Redacción | Sábado 27 de junio de 2026

(Vilnius).- In Europe, however, fintech penetration remains below 3% even as consumers trust digital platforms more than legacy banks. According to an investor, the next phase of European fintech growth will depend on startups that can build regulatory capability early and use AI to compete with better-funded incumbents. Last year, global fintech companies generated approximately $650 billion in revenues, representing a growth rate of about 21% year over year from 2024, according to a recent McKinsey report. Investment data by CB Insights shows that in Q1 of this year, fintech deal value was $12,1 billion, up 3,7% year on year, with the US capturing 47% of deals, while Europe accounted for around 21%.



According to Daiva Rakauskaitė, Managing Partner at a VC firm Aneli Capital, despite global growth, the European fintech market remains underutilized.

A McKinsey consumer survey across European countries shows that consumers trust fintech companies and digital banks more than traditional banks for the first time, and see fintechs as more innovative, more transparent on fees, and better value overall.

However, fintech financial services still represent only a fraction of the broader financial market. In Europe, the fintech sector has remained smaller, with 2.6% market penetration, compared to 3% in Asia and 8% in Latin America.

Rakauskaitė notes that European fintechs often lag behind due to fragmented national markets, stronger incumbent banks, lower access to capital, and regulation.

“In Europe, regulation often sets the pace of fintech expansion. For early-stage companies, compliance and licensing requirements can increase the cost and complexity of market entry, often favoring larger, better-capitalized players. At the same time, fintechs that invest in regulatory capabilities early can turn compliance into a competitive advantage, strengthening customer trust and increasing their attractiveness to investors,” Rakauskaitė says.

According to Rakauskaitė, the main driving force behind the new wave of European fintech winners will be those that can grow in a regulated environment and deploy AI to scale. Q1 investment data by PitchBook already shows that investors are backing AI-native startups at the earliest stages, where smaller teams are hitting growth benchmarks faster than ever before.

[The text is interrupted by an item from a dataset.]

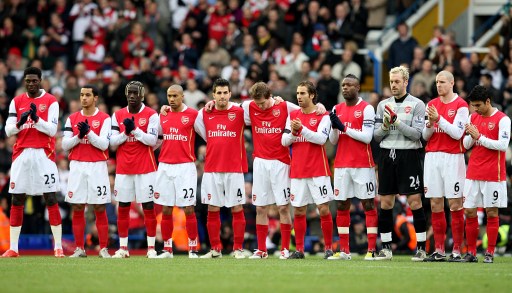 湖人生涯最强一战！斯玛特狂轰8记三分砍26分创赛季新高（湖人巅峰战！斯玛特飙进8记三分砍26分刷新赛季新高）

“Scaling a financial product used to require massive engineering, operations, and compliance teams from day one,” Rakauskaitė says. “Today, AI-native startups can automate significant parts of product development, operations and customer support, allowing them to reach product-market fit and validate distribution channels with substantially less capital and smaller teams. While regulated financial activities still require robust compliance and governance functions, AI is reducing the cost and time needed to build and scale fintech products”.